# Stored records:

= Beginning of Section =

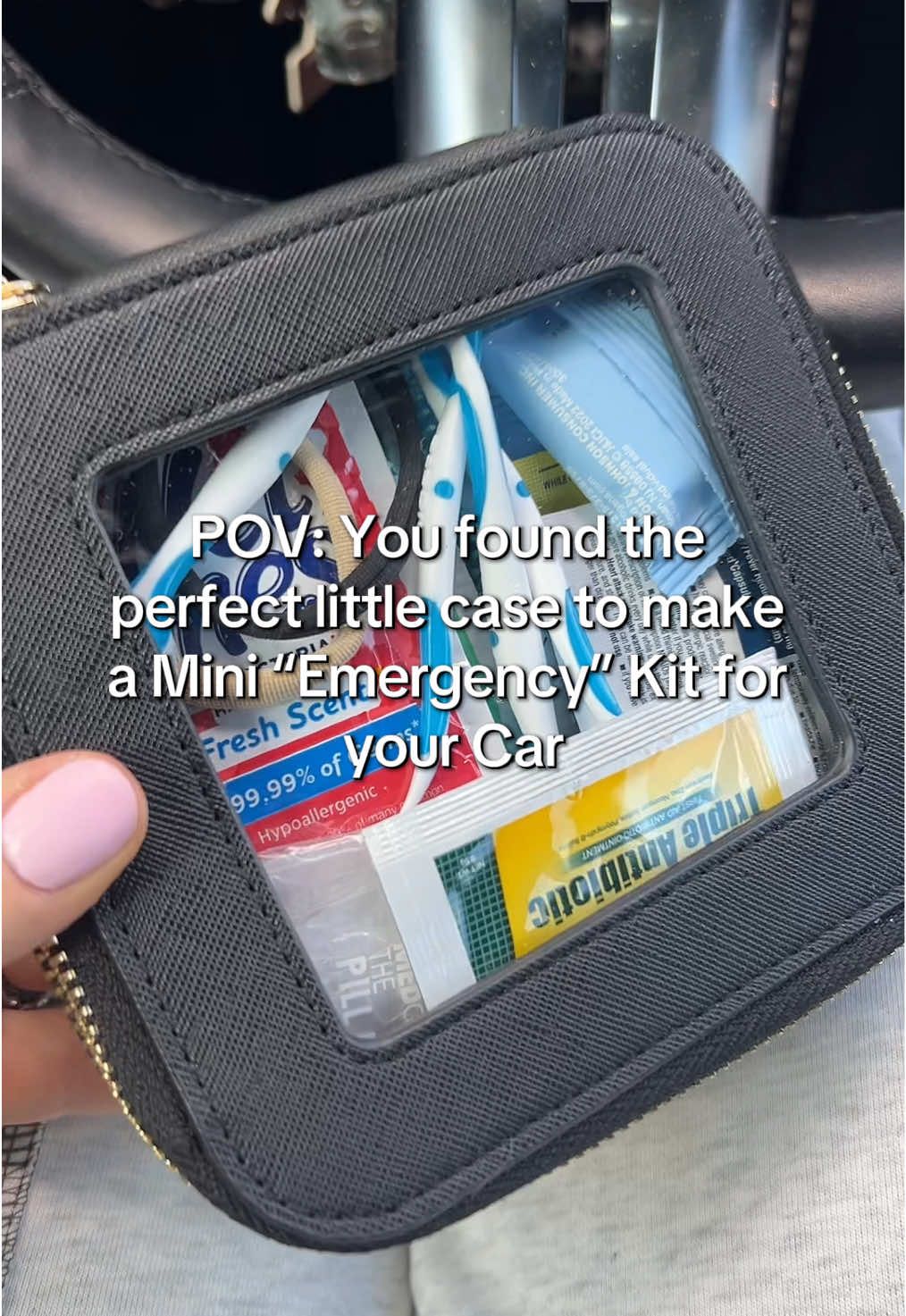 And they’re under $12! 🙌🏻 What else do I need for my “Emergency” Kit?  #makeupcase #emergencykit #travelbags #makeupbag #makeupbags 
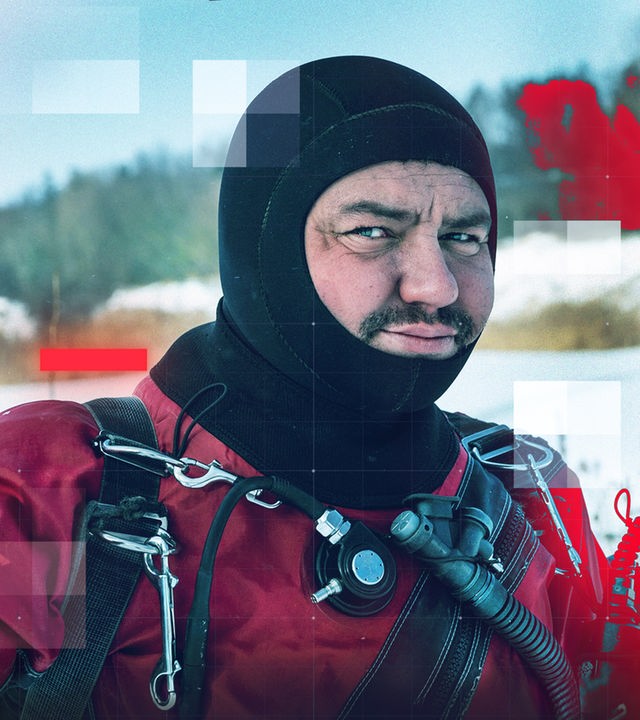 Der Taucher Wolodymyr Zhuravlev, einer der Tatverdächtigen bei der Nord-Stream-Sabotage, in roter Taucherausrüstung mit schwarzer Kopfhaube und orangefarbenen Handschuhen zeigt im Schnee zwei Finger als Victory-Zeichen. Über dem digital bearbeiteten Foto liegen rote und halbtransparente Akzente und feines grafisches Raster-Overlay gelegt, wodurch ein modernes, redaktionelles Erscheinungsbild entsteht.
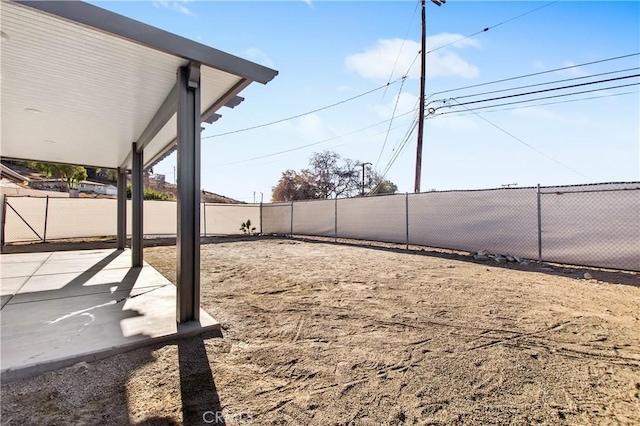 view of yard featuring a patio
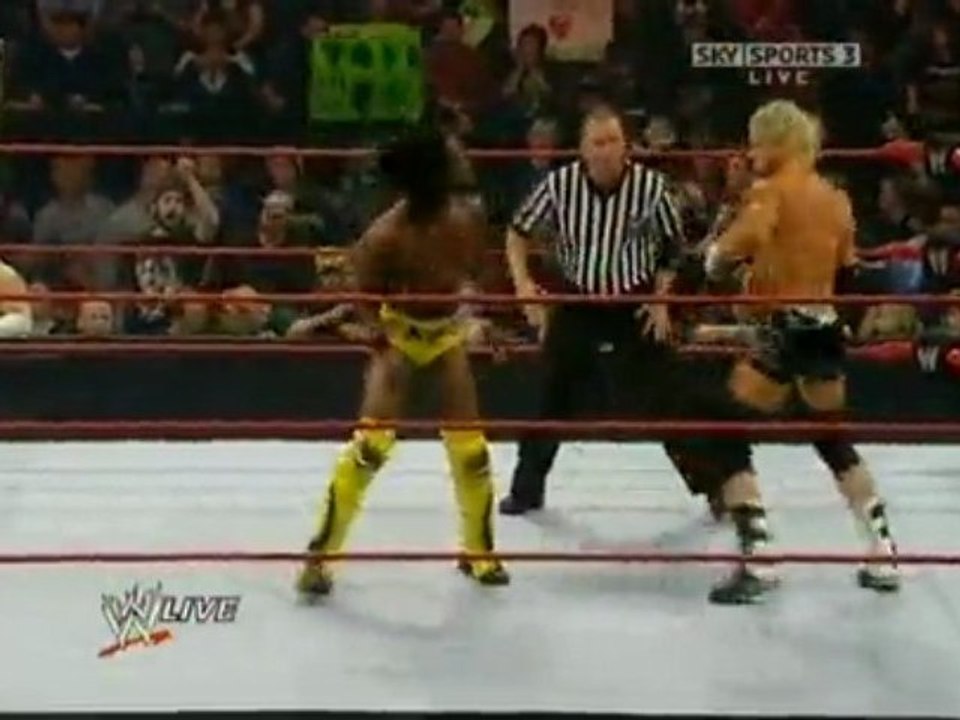 WWE RAW 23.11.09 2/13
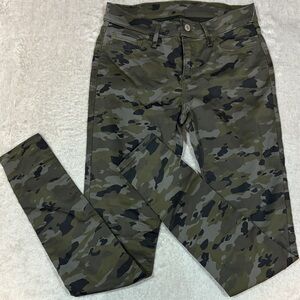LEVIS • 710 Green Camouflage Super Skinny Pants NWT size 28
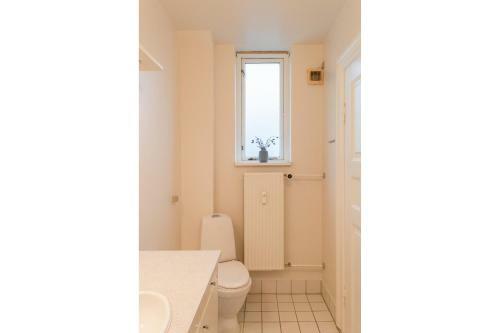 Bright And Spacious Apartment In Downtown �rhus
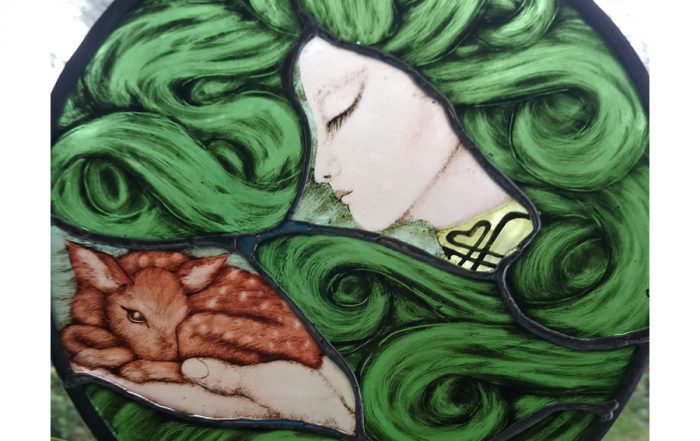 art-nouveau-green-lady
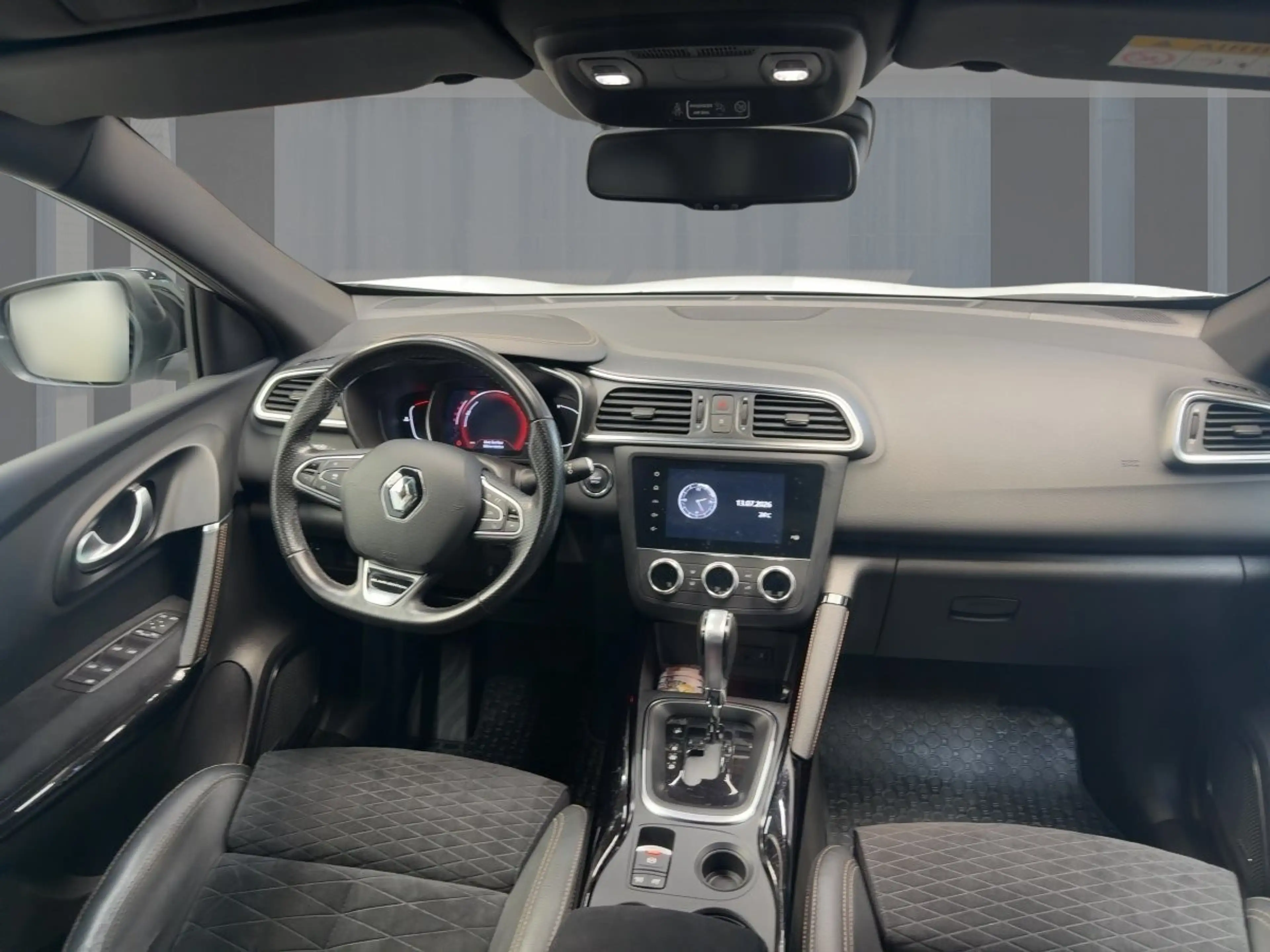 Renault Kadjar Black Edition TCe 160 EDC — photo 10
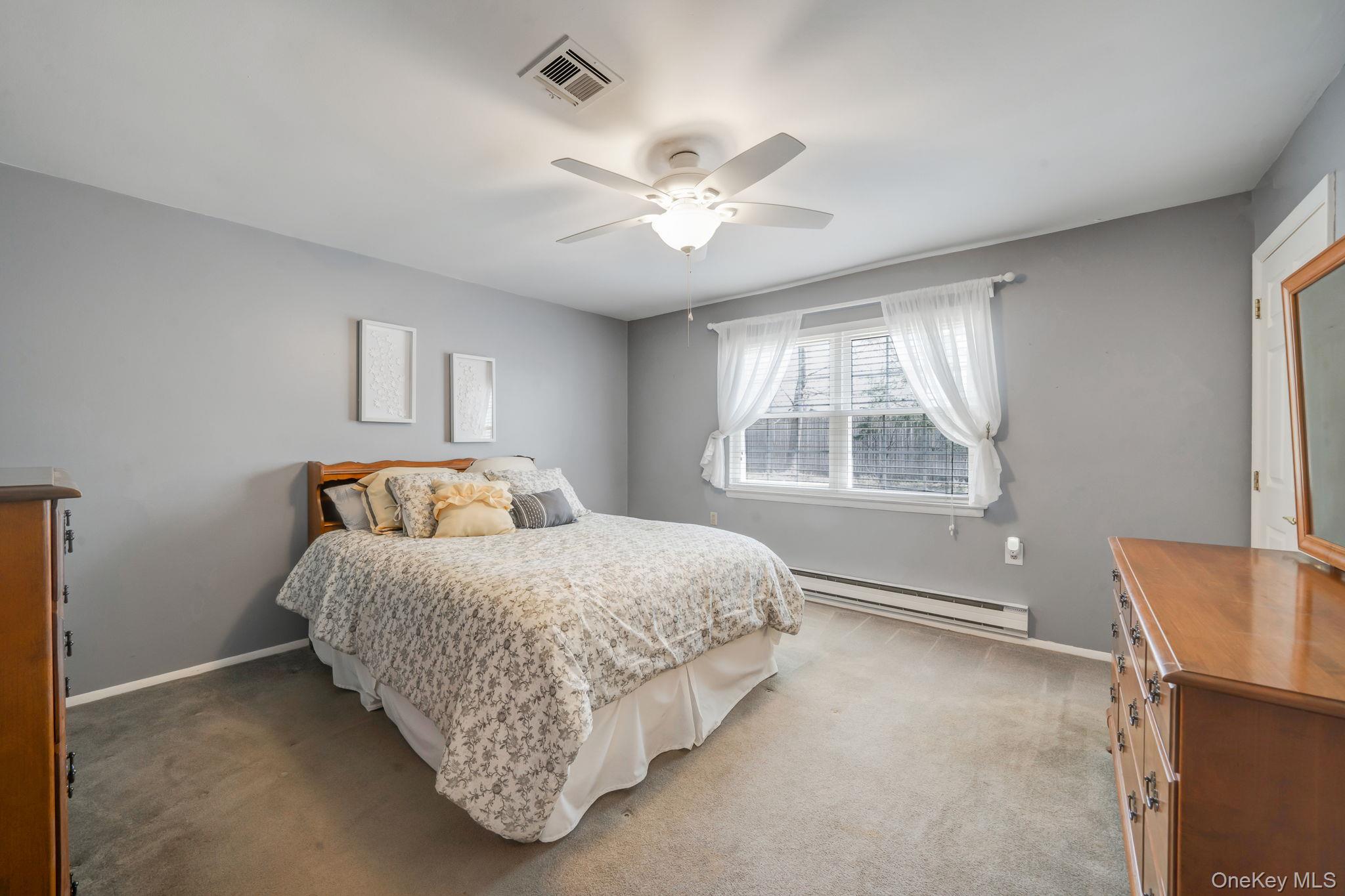 259 Edinburgh Drive Ridge, NY 11961 - Photo 18 of 31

= End of Section =

# To do:
Set out, exactly as given, the line that contains "LEVIS • 710" along with each line after it through the end of the records above; omit the pictures.

# Result:
LEVIS • 710 Green Camouflage Super Skinny Pants NWT size 28
 Bright And Spacious Apartment In Downtown �rhus
 art-nouveau-green-lady
 Renault Kadjar Black Edition TCe 160 EDC — photo 10
 259 Edinburgh Drive Ridge, NY 11961 - Photo 18 of 31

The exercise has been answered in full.